CloudBerry Drive Server for Windows Server caches files locally which makes it not suitable for use on Azure VMs.
There’s a number of ways to make Azure storage available to a VM in Azure:
- Attach a number of local VHD disks. There’s a couple of issues with this approach:
- The maximum we can use is 16TB, and
- We’ll have to use an expensive A4 sized VM, that has unneeded RAM and CPU cores.
- Map drives to a number of Azure File SMB shares. There’s a couple of issues with this approach:
- The shares are not persistent although we can use CMDKEY tool as a workaround.
- There’s a maximum of 5TB capacity per share, and a maximum of 1TB capacity per file.
- Use a 3rd party tool such as Cloudberry Drive to make Azure block blob storage available to the Azure VM. This approach has the 500TB Storage account limit which is adequate for use with Veeam Cloud Connect. Microsoft suggests that the maximum NTFS volume size is between 16TB and 256TB on Server 2012 R2 depending on allocation unit size. Using this tool we get 128TB disk suggesting an allocation unit size of 32KB.
To install CloudBerry Drive on an Azure VM:
– Install C++ 2010 x64 Redistributable pre-requisite:
– Run CloudBerryDriveSetup, accept the defaults, and reboot.

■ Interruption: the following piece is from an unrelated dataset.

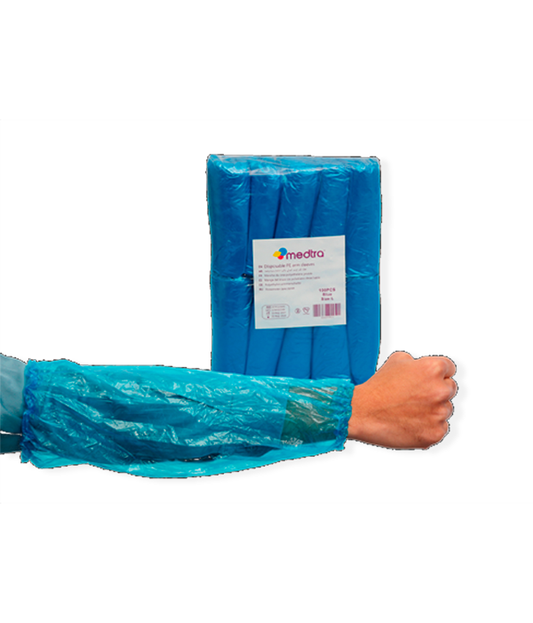 Sleeve Cover / Arm Sleeve - Medtra World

– In the Azure Management Portal, obtain your storage account access key (either one is fine):
– Back in the Azure VM, right-click on the Cloudberry icon in the system tray and select Options:
– Under the Storage Accounts tab, click Add, pick Azure Blob as your Storage Provider, enter your Azure Storage account name and key:
– Under the Mapped Drives tab, click Add, type-in a volume label, click the button next to Path, and pick a Container. This is the container we created in step 3 above:
– You can see the available volumes in Windows explorer or by running this command in Powershell:
Get-Volume | FT -AutoSize
Add VHD disks to the VM for the CloudBerry Drive cache:
We’ll add VHD disks to the VM for that cache folder to have sufficient disk space and IOPS for the cache.
Highlight the Azure VM, click Attach at the bottom, and click Attach empty disk. Enter a name for the disk VHD file, and a size. The maximum size allowed is 1023 GB (as of September 2014). Repeat this process to add as many disks as allowed by your VM size. For example, an A1 VM can have a maximum of 2 disks, A2 max is 4, A3 max is 8, and A4 max is 16 disks.

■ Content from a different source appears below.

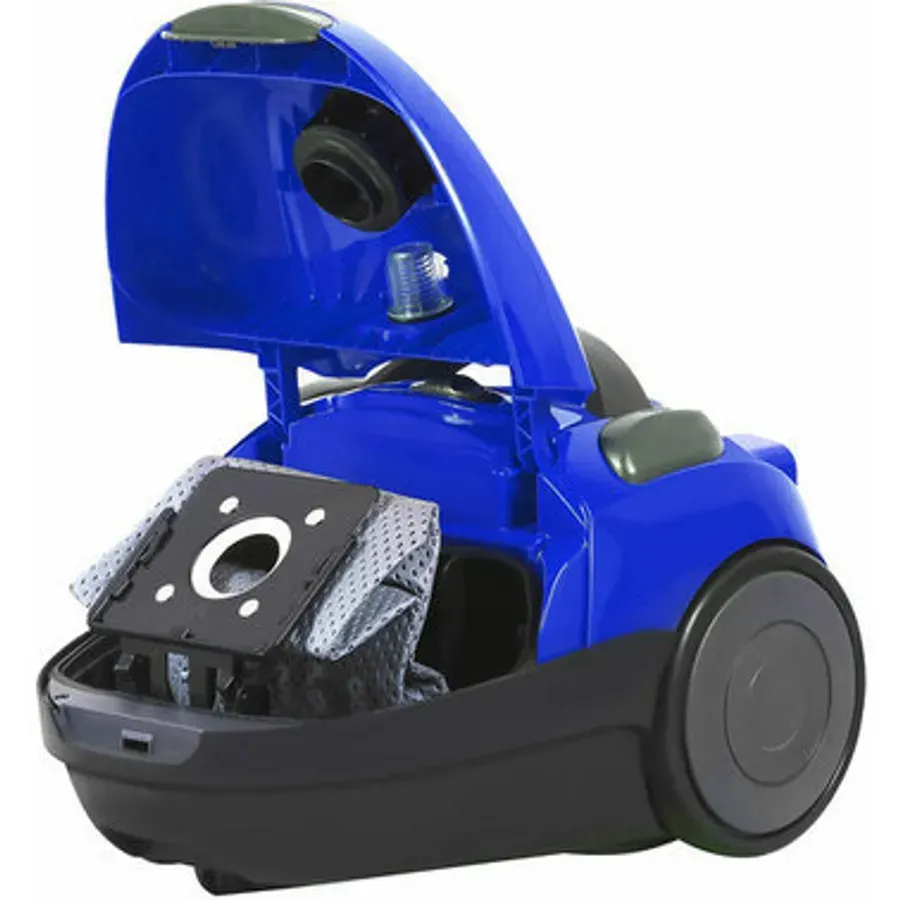 Порохотяг ARTEL VCB 0316 BLUE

In the Azure VM, I created a 2TB disk using Storage Spaces on the VM as shown:
This is setup as a simple disk for maximum disk space and IOPS, but it can be setup as mirrored disks as well.
Create a folder for the CloudBerry Drive cache on the new disk, and configure CloudBerry Drive to use it:
It’s important to have enough disk space on the drive where CloudBerry Caching occurs. The amount of available space on the Caching drive puts a limit on the file size that can be handled through CloudBerry drive which could be much less than the 128TB available space on a CloudBerry Drive that has an Azure Block Blob back end.